As environmental and climate change concerns have emerged as key issues in the public consciousness, and in the eyes of investors, travel has come under particular scrutiny as a major GHG emitter. Air travel alone is estimated to account for approximately 2.5% of global emissions. Responding to the demand for ESG-friendly business practices, many travel companies including airlines and travel management companies have launched ambitious sustainability programs and features. GBT, for example, announced earlier this year its goal to become carbon neutral across all its operations.
Commenting on the new emissions filter feature and the demand for sustainable travel, Andrew Crawley, GBT’s Chief Commercial Officer, said:
“Sustainable travel remains a top priority for the corporate community.

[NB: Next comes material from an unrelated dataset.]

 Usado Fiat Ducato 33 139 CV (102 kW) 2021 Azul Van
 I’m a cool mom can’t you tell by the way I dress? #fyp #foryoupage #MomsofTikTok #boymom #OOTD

We have spoken to our customers and travelers, and we share their desire to carve out the most sustainable path forward for our industry. The new Neo emissions filter lets travelers consider their carbon footprint.”
Expanding on GBT’s ESG commitments and accomplishments, Chief Risk & Compliance Officer Si-Yeon Kim, added:
“If we have learned anything from recent months, it’s that societies and economies suffer when people movement is restricted. It has strengthened our belief that travel is a force for good, enriching our cultural ties and powering economies across the world.
“We take a holistic approach to corporate social responsibility (CSR) that interconnects all GBT’s ESG initiatives. 2019 was a landmark year, with teams across the company driving our ESG standards to new heights. While we are proud of our progress, we know there is still much more work to do.”